Wissink agrees that the experiential showcasing of products is a strategy that TRU would do well to embrace. “Instead of creating a shopping experience oriented around consumption, it has to create an experience around the products themselves,” she says. Additionally, she suggests that the retailer might use its large physical space more fully in the future to woo millennial moms by offering a number of new services, including those only tangentially related to the core product. “You can start to envision things like a Lamaze class, a clinic for immunizations, or a music class,” she says. “TRU has to start thinking in terms of getting the most out of its square footage.”
Then there’s the name, itself—it’s another asset that the retailer could exploit and build upon. After more than 60 years in business and millions of dollars spent in advertising and marketing, as a brand Toys ‘R’ Us still occupies a place in the popular consciousness of consumers. “There is a lot of brand equity in that name,” says Johnson. “Brands like that don’t just go away. They can withstand damage and loss of relevancy and then can be brought back.” He offers up Apple as a prime example of the phenomenon. Arguably the world’s most popular brand now, it went through a dormant period before developing a string of innovative products in the early 2000s that brought it back to prominence. In the retail realm, Johnson points to Macy’s as a brand that has hit some hard times but has recently rebounded to distinction. “There was a wonder and awe about going to Toys ‘R’ Us when I was a kid,” says Johnson. “You really need kids to ask, ‘When can we go to Toys ‘R’ Us?’ That is what is missing now.”

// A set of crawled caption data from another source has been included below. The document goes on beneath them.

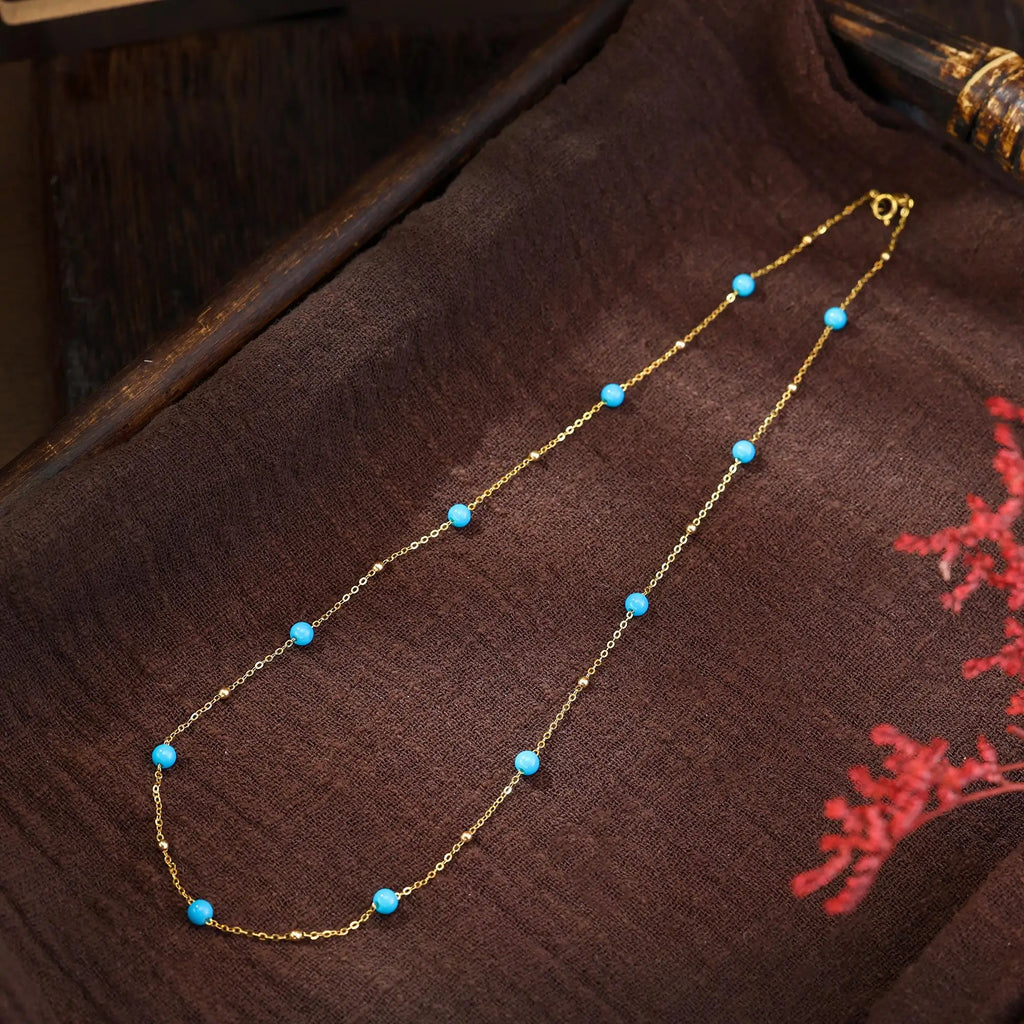 New 18k gold necklace pendant natural AU750 Natural turquoise Fine jewelry sky party for women  X714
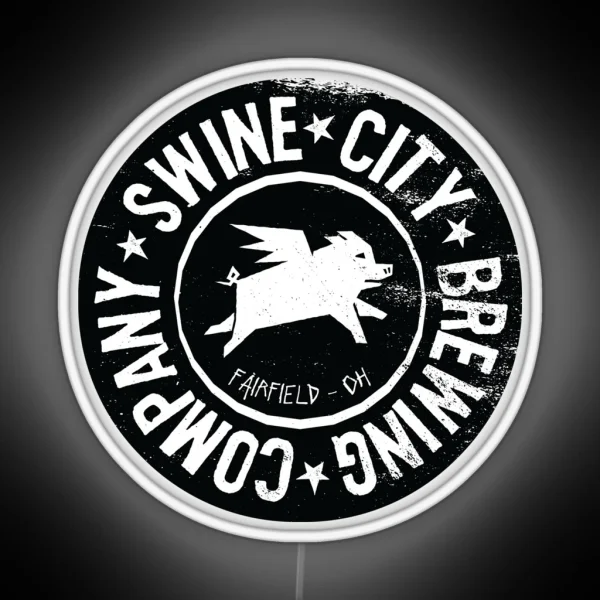Swine City Brewing Company Logo RGB Neon Sign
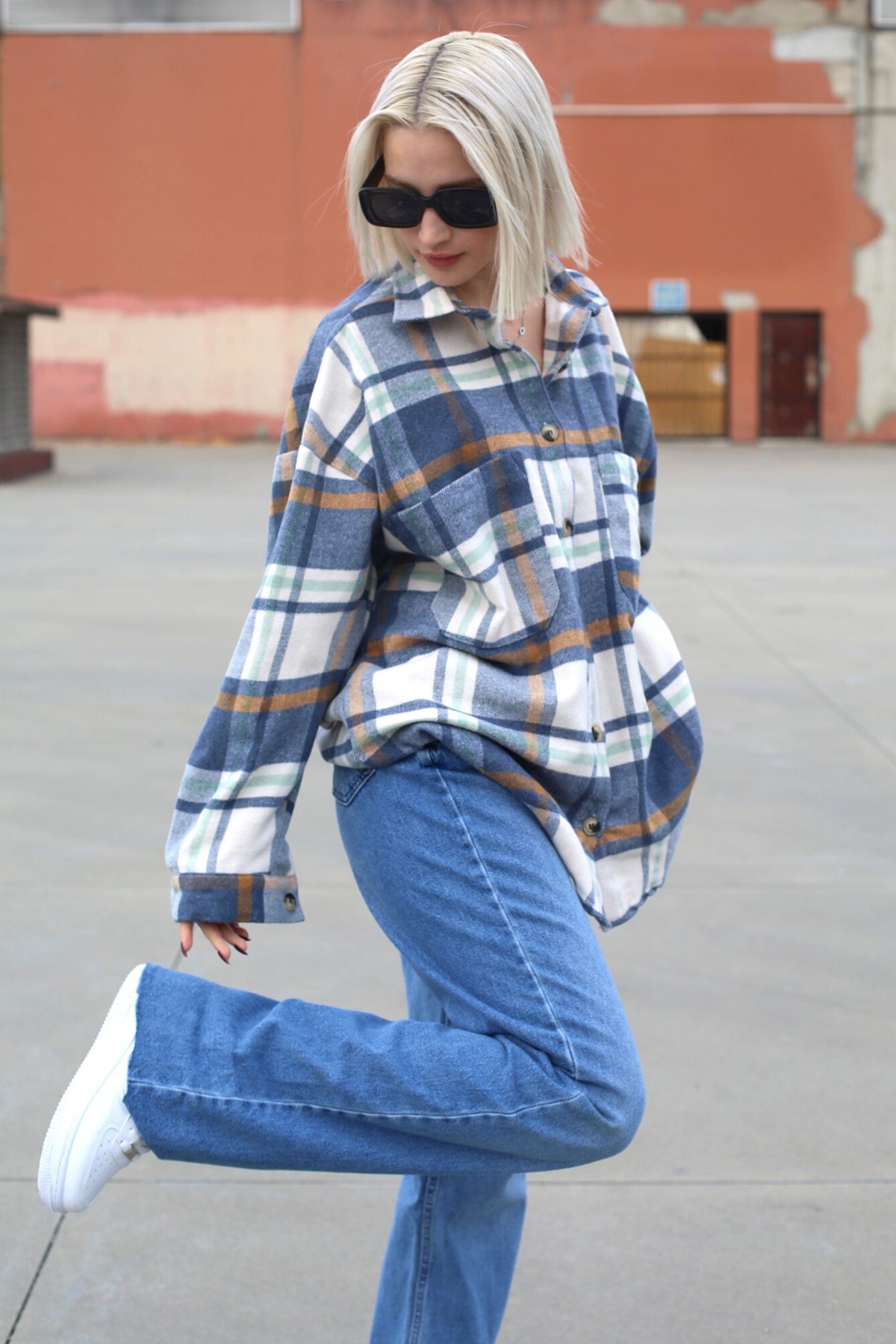 Lacivert Oversize Kadın Oduncu Gömlek MG1589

With a precarious future looming, the expectation is that TRU will send some clear signals sooner rather than later about its next steps to both suppliers and consumers. In fact, just last month, the retailer announced a partnership with US pregnancy and parenting website Bump.com to expand its gift registry offering. The move signals an interest in forging partnerships and diversification that analysts say is exactly what the retailer needs to regain relevance in the market. Of course, more announcements on further initiatives are expected.
“I would hope for some announcements around Toy Fair time in terms of new directions and new merchandising initiatives,” says Johnson.
Spieckerman, too, expects some sort of strategic plan to be announced during the traditionally slower early months of the year. “TRU has to make some bold moves, in stores and online,” she says. “The post-holiday period would be a good time for it to show some newness and put forth some great new concepts. It is going to take a lot of determination and positivity.”
However, Hartnoll is less optimistic about just how much innovation the retailer can actually afford, given its debt burden. “A total reinvention and revolution is required, and the question is whether or not TRU will have enough money available to re-invest in that,’ she says.
Silver also expects some major announcements and strategic moves to be made in order to instill confidence in vendors and consumers alike before the balance of the company’s debt comes due. “TRU has to make it better,” he says. “2016 is only two years away now—it really is right around the corner.”
This article first appeared in the February/March 2014 print issue of Kidscreen magazine.